There is a line containing "Uta Rain Jacket Kombu Green" in the records below. Repeat it and every line after it, exactly, through the final line, but no pictures.

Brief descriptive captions
*** Begin section ***
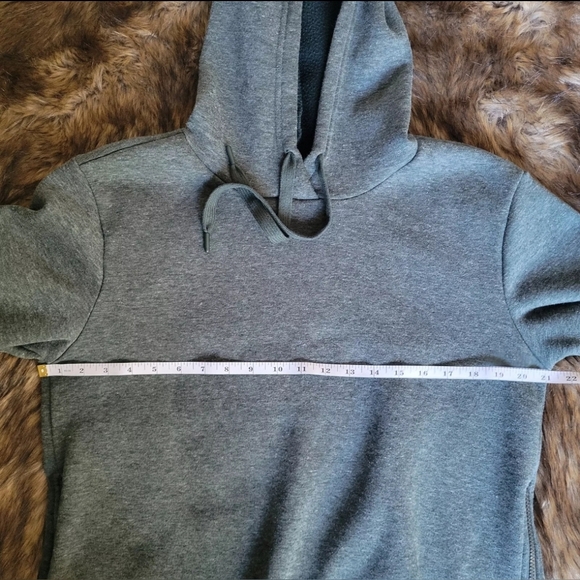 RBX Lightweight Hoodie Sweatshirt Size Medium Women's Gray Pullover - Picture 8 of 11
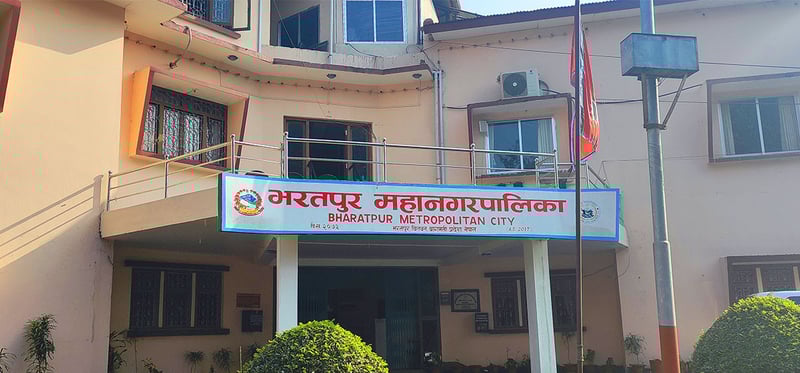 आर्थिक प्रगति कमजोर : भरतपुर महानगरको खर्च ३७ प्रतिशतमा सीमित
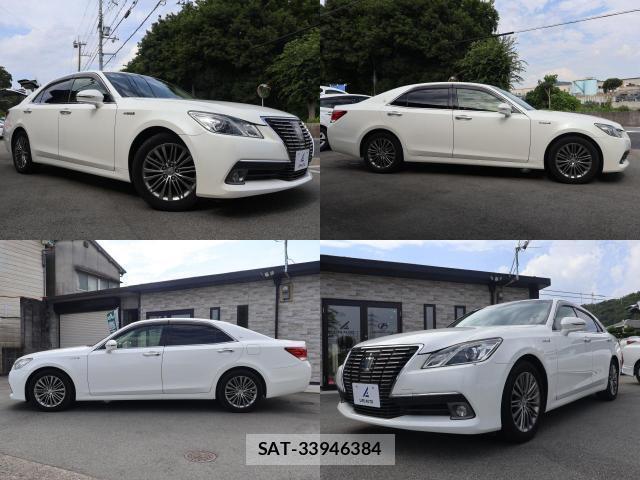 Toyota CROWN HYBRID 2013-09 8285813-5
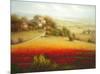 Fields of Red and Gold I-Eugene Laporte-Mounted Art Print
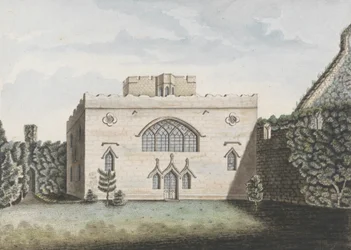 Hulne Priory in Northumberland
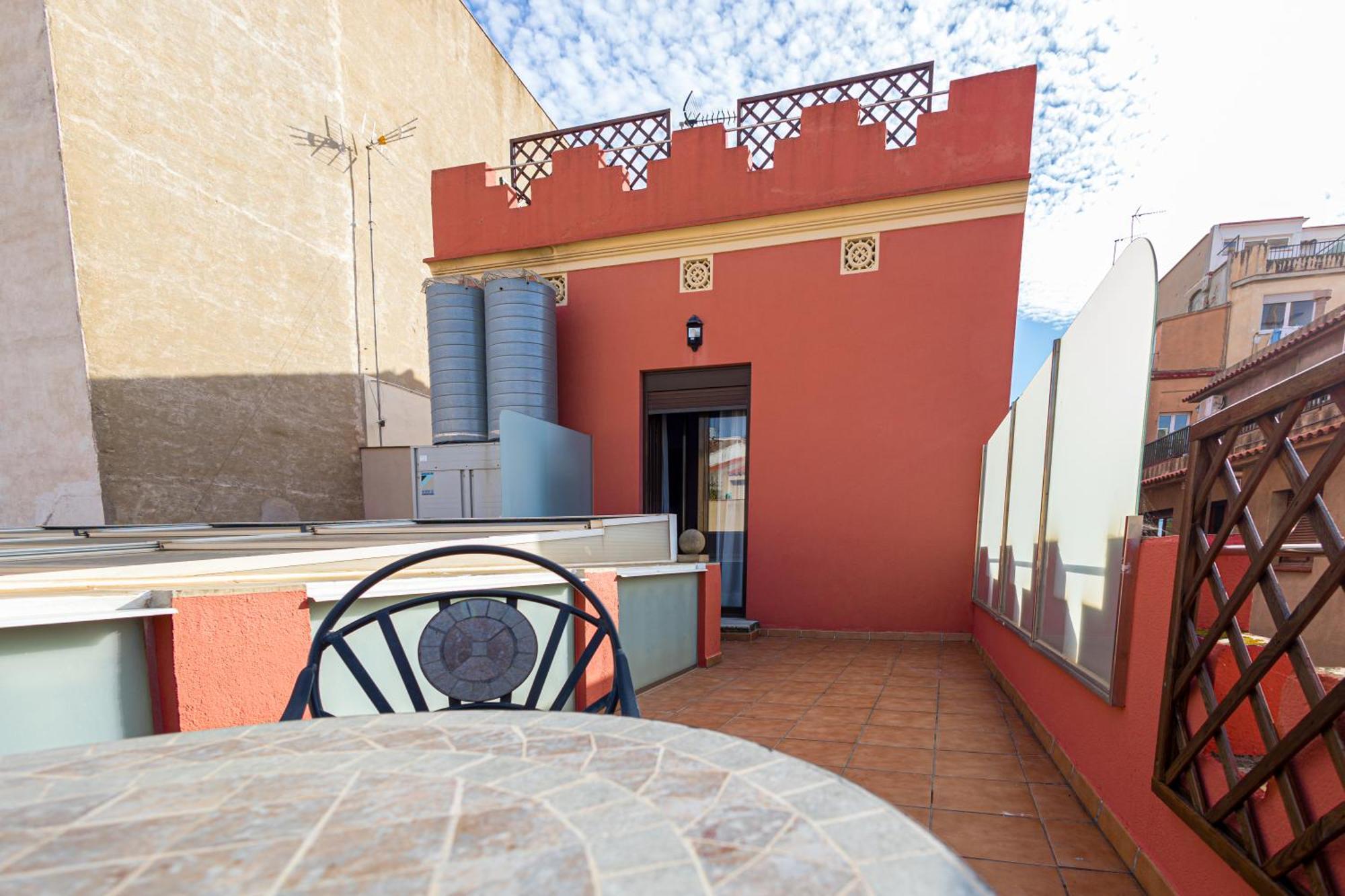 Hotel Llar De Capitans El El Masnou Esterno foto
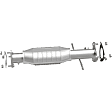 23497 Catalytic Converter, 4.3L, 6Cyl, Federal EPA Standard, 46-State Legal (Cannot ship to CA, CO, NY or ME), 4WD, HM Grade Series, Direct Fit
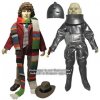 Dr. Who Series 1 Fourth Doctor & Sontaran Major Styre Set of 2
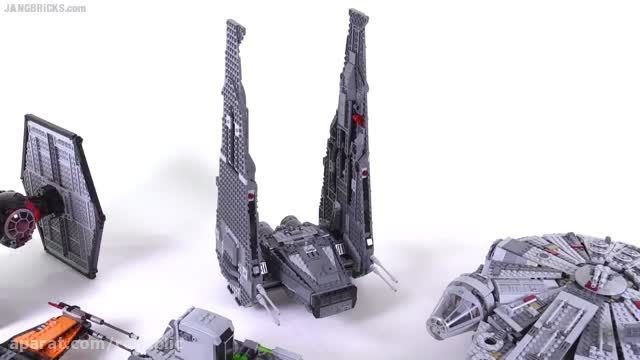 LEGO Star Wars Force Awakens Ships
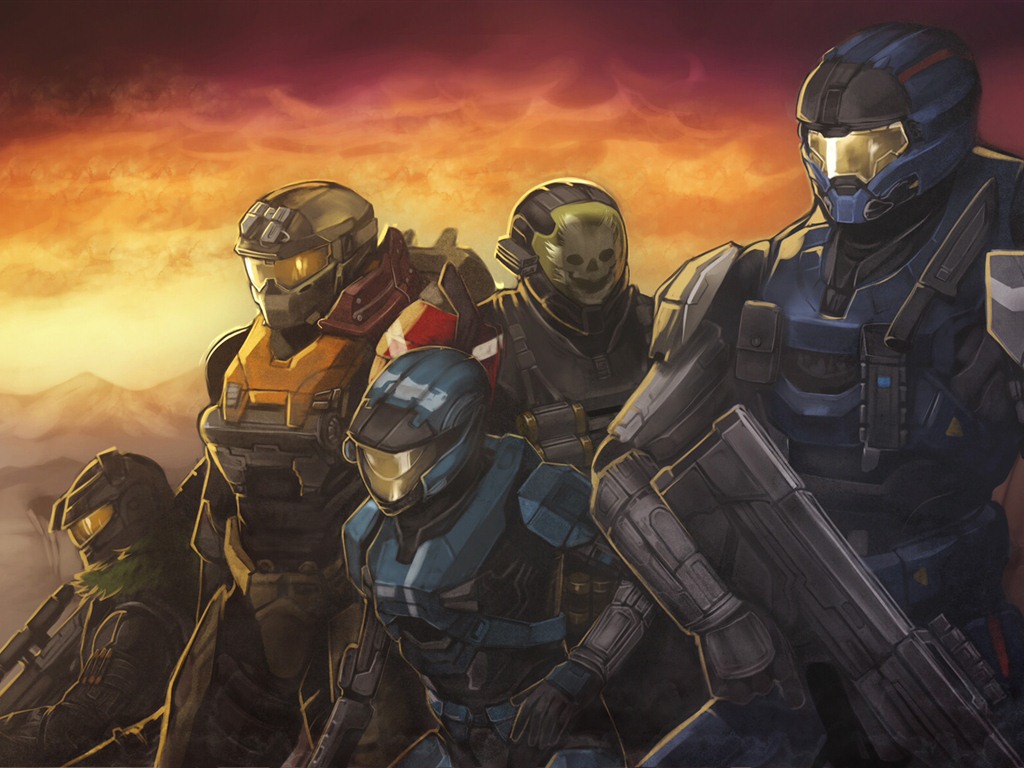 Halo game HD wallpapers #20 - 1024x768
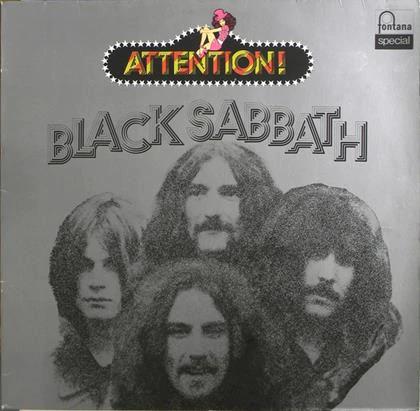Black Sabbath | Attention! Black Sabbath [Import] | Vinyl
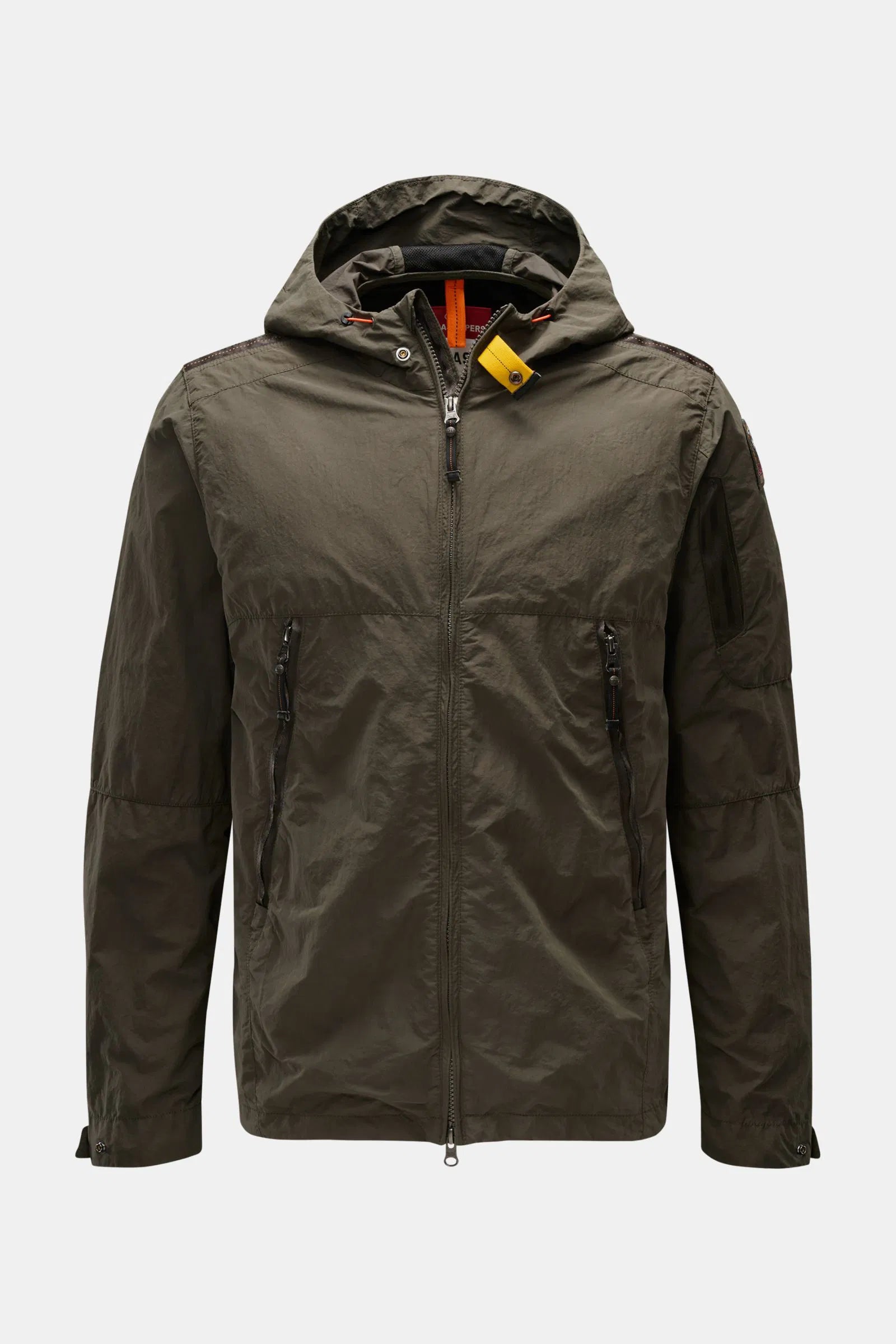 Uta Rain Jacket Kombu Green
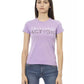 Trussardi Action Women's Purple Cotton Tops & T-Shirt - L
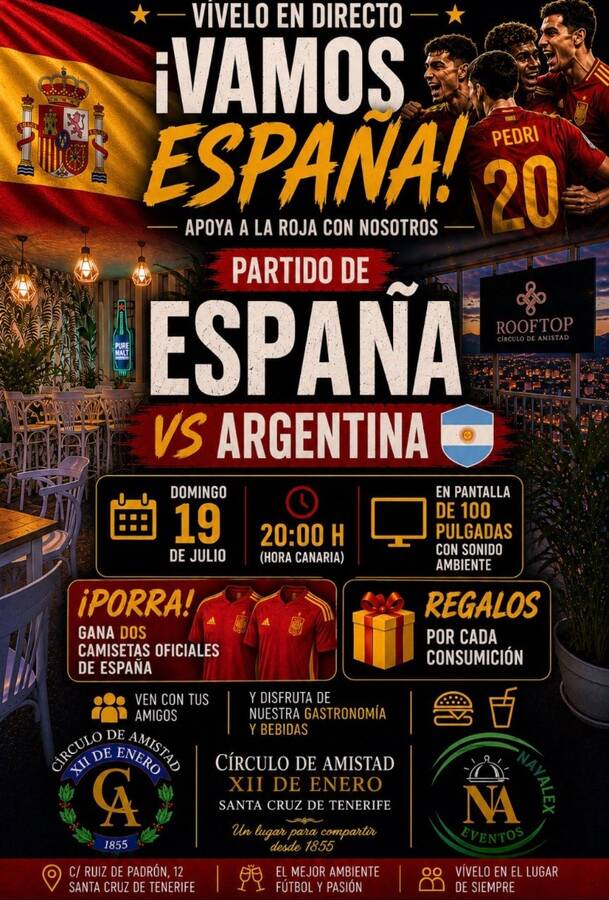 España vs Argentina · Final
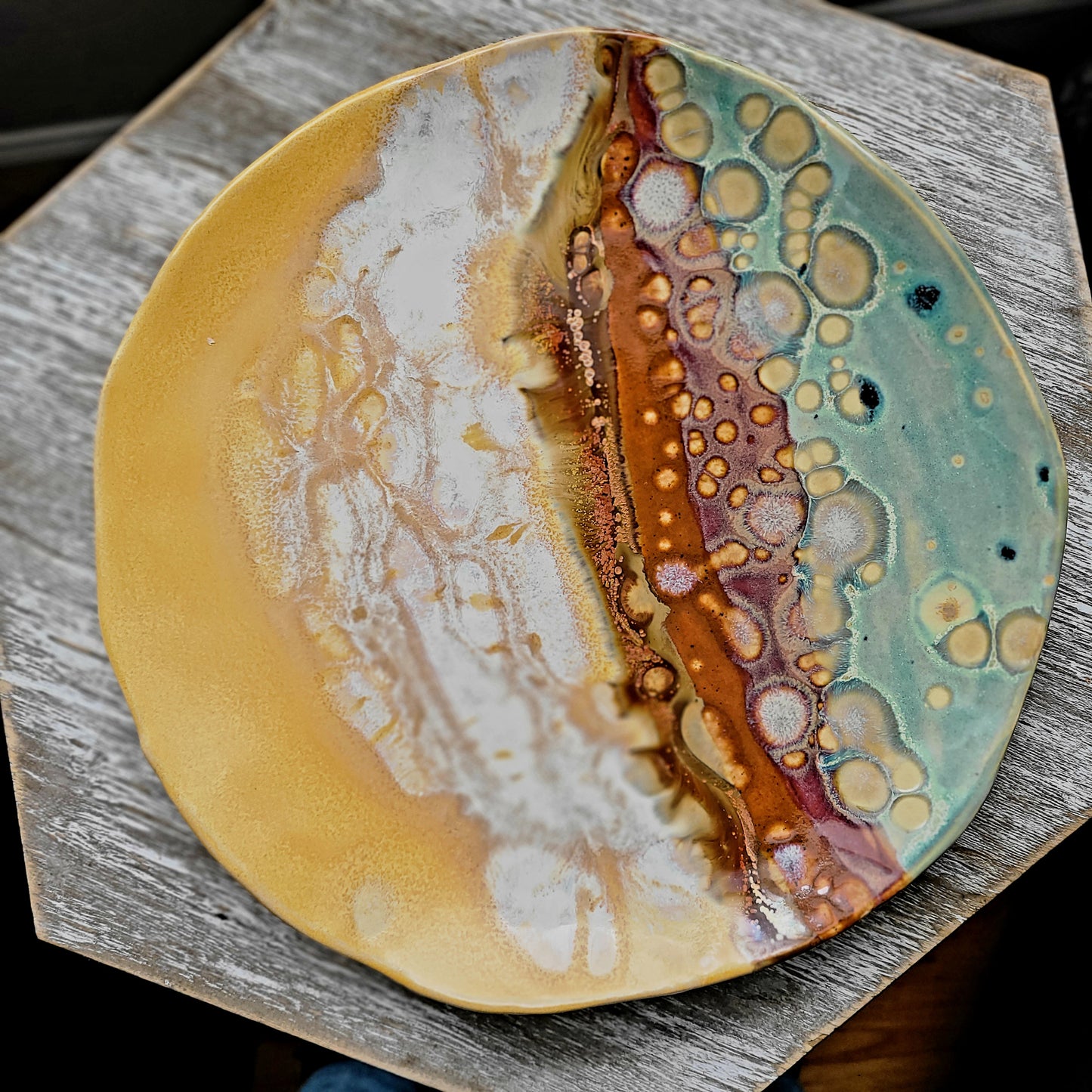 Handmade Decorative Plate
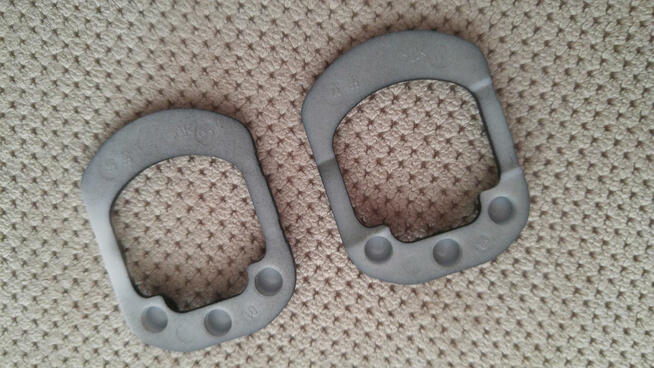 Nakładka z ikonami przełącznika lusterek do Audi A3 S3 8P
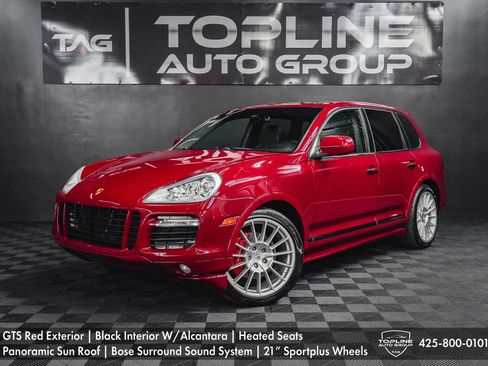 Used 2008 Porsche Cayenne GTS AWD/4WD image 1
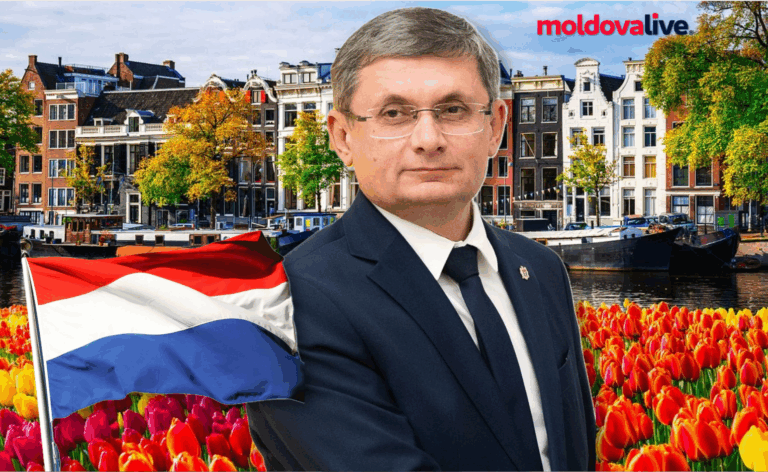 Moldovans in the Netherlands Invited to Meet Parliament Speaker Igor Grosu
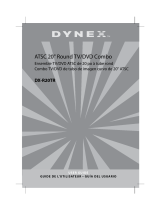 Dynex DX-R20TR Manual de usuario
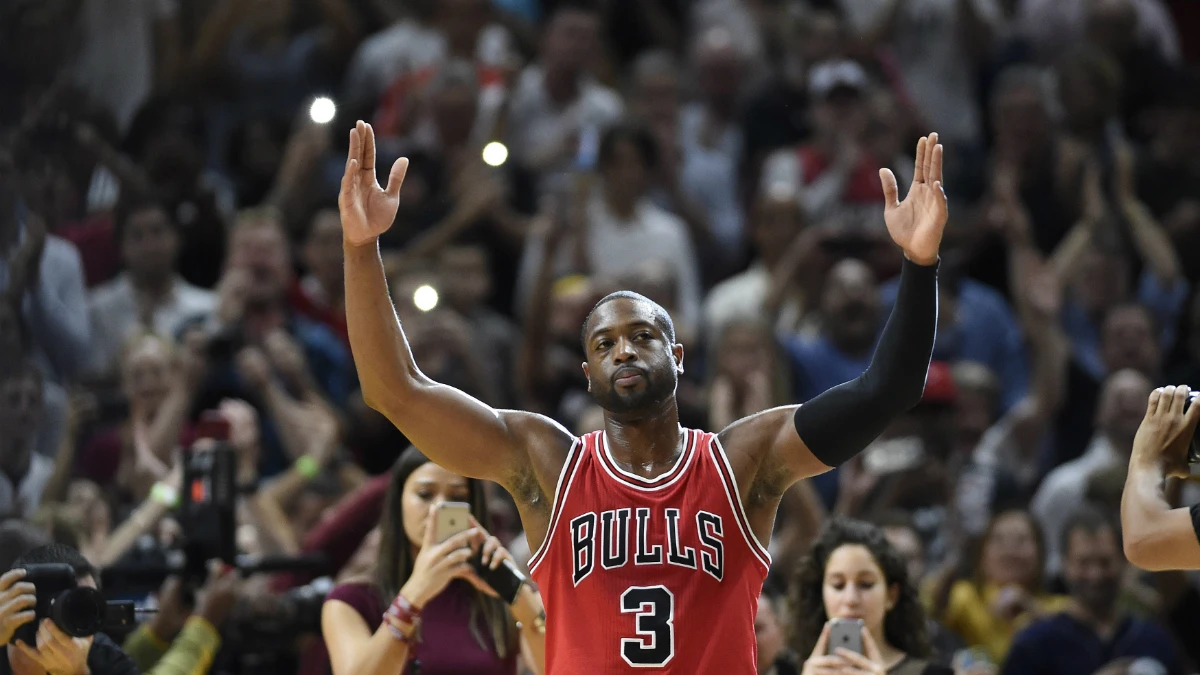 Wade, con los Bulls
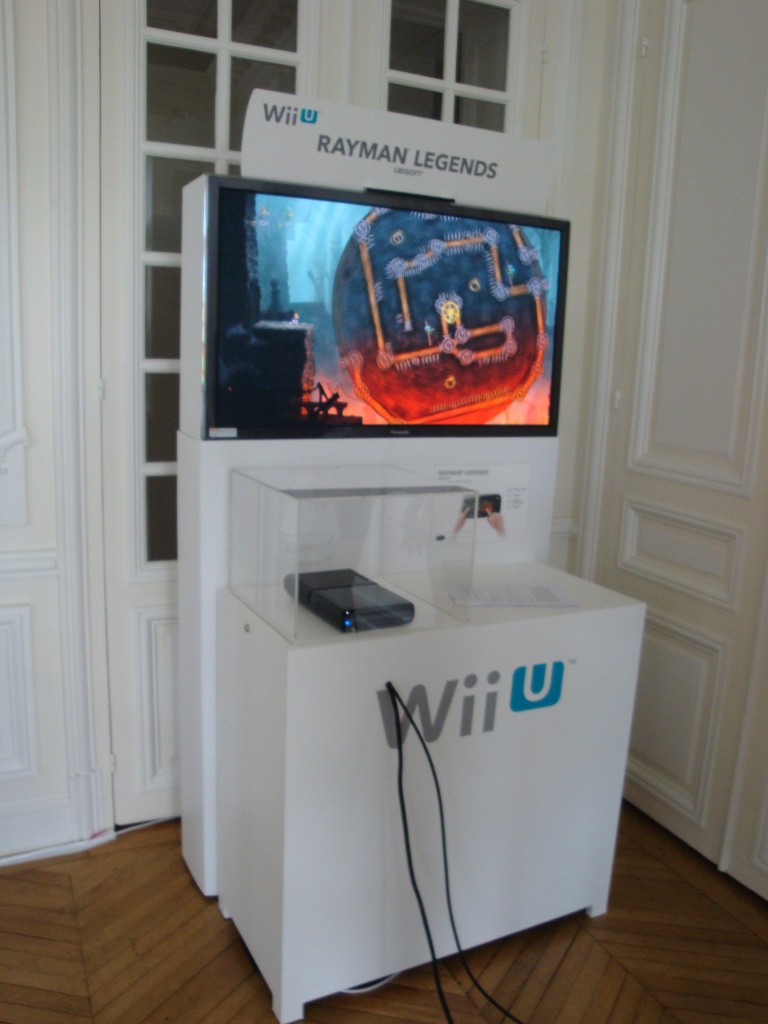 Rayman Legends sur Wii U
*** End section ***
__Worked solution__:
 Uta Rain Jacket Kombu Green
 Trussardi Action Women's Purple Cotton Tops & T-Shirt - L
 España vs Argentina · Final
 Handmade Decorative Plate
 Nakładka z ikonami przełącznika lusterek do Audi A3 S3 8P
 Used 2008 Porsche Cayenne GTS AWD/4WD image 1
 Moldovans in the Netherlands Invited to Meet Parliament Speaker Igor Grosu
 Dynex DX-R20TR Manual de usuario
 Wade, con los Bulls
 Rayman Legends sur Wii U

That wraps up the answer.